Il ne minimise pas l’attention décuplée par son nouvel uniforme, mais il la relativise en affirmant que la pression « vient souvent de l’intérieur de l’équipe ».

Ses parents sont un peu moins détendus, sans pour autant être rongés par les appréhensions. « Le Canadien n’est pas allé le chercher pour qu’il marque 50 buts », rappelle son père Gervais.

« La seule chose que j’ai dite à David, c’est que je suis contente qu’il ait 30 ans, enchaîne sa mère Céline. Il est rendu papa, il a vieilli dans tous les sens du terme. Je pense qu’il a la maturité qu’il faut pour y aller. »

En famille

Son apport ira certainement plus loin. Car en Savard, comme en Cédric Paquette et en Mathieu Perreault, Bergevin a acquis un joueur dont le profil ressemble à ses nombreuses acquisitions de l’été 2020. Un vétéran de caractère, qui a goûté au succès et qui est susceptible de déteindre sur les jeunes joueurs de l’équipe.

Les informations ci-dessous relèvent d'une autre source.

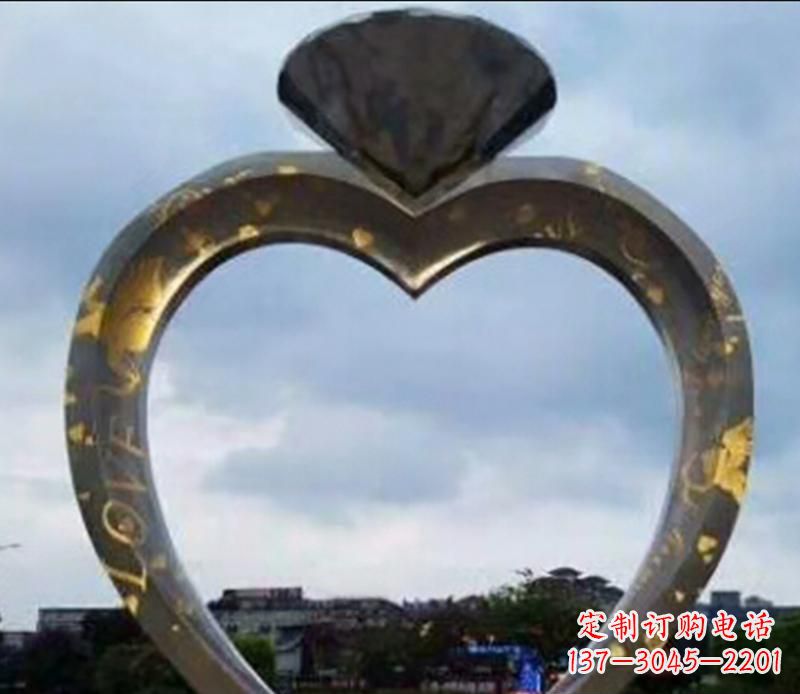 运城不锈钢大型钻石戒指景观雕塑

« À Montréal, les gars vont l’adorer, et ça ne prendra pas de temps aux partisans pour tomber en amour avec lui. »

Cette prédiction, c’est celle de Pierre-Luc Dubois. Ou Lulu, du surnom que lui ont attribué les enfants de Savard. Repêché par les Blue Jackets, le jeune homme a emménagé chez son compatriote à sa première saison à Columbus. « David et [sa conjointe] Valérie, ce ne sont pas des amis, c’est de la famille, a-t-il expliqué à La Presse. Je ne connais personne qui ne les aime pas. »

Savard a pris sous son aile le hockeyeur de 19 ans, nerveux d’habiter seul pour la première fois de sa vie à sa sortie des rangs juniors. Il l’a accueilli comme un membre à part entière de sa famille – « des fois, je gardais les enfants » –, mais il l’a également guidé dans ses premiers pas comme athlète professionnel. « Une famille, c’est une équipe », souligne joliment Céline Lamy.

« Tu ne sais pas comment ça va se passer sur la route, tu ne connais pas les gars, tu es nouveau, énumère Dubois. Il me disait : “Lève-toi 30 minutes plus tôt, on va arriver à l’aréna et avoir un bon déjeuner.” Des choses comme ça. Ça aide beaucoup, ça enlève beaucoup de stress. »

Modèle

Même s’il sera le dernier arrivé et qu’il rejoindra un groupe soudé par une participation à la finale de la Coupe Stanley, Savard se voit volontiers devenir un modèle dans le vestiaire du Centre Bell.

D’abord et avant tout en gardant l’« attitude positive » saluée par tous ceux qui l’ont croisé. « Même si tu es dans une mauvaise séquence, il faut que le monde veuille continuer de travailler avec toi, dit-il. Que tu ne deviennes jamais un boulet dans la chambre. »

Dans ma carrière, chaque fois que ça allait moins bien, je suis resté positif et j’ai travaillé avec les entraîneurs. Si tu es négatif et que tu ne parles à personne, tu risques d’être encore plus mis à l’écart.

David Savard

C’est bel et bien d’un « boulet » que le jeune joueur de 19 ans voulait parler à son entraîneur, en 2010, après avoir discuté de la situation avec les autres vétérans du club.

« On avait une super équipe, on n’avait pas besoin d’un gars égocentrique, se rappelle nettement le défenseur. On n’a pas eu le choix, même si ce n’était pas quelque chose de plaisant à faire. Oui, ça a brassé l’équipe. Mais on s’est rendus jusqu’au bout. »

Il ne voit pas vraiment une situation du genre se reproduire dans la LNH. À ce niveau, remarque-t-il, les joueurs sont davantage conscients de l’intérêt collectif.

Néanmoins, il insiste : « Si c’était à refaire, je ferais la même chose » qu’à l’époque.

« Tout le monde a son temps de glace, ses choses à faire. Il n’y a pas de joueur plus important qu’un autre. »

À entendre l’aplomb avec lequel Savard martèle son message, on peut s’attendre à ce qu’il soit entendu.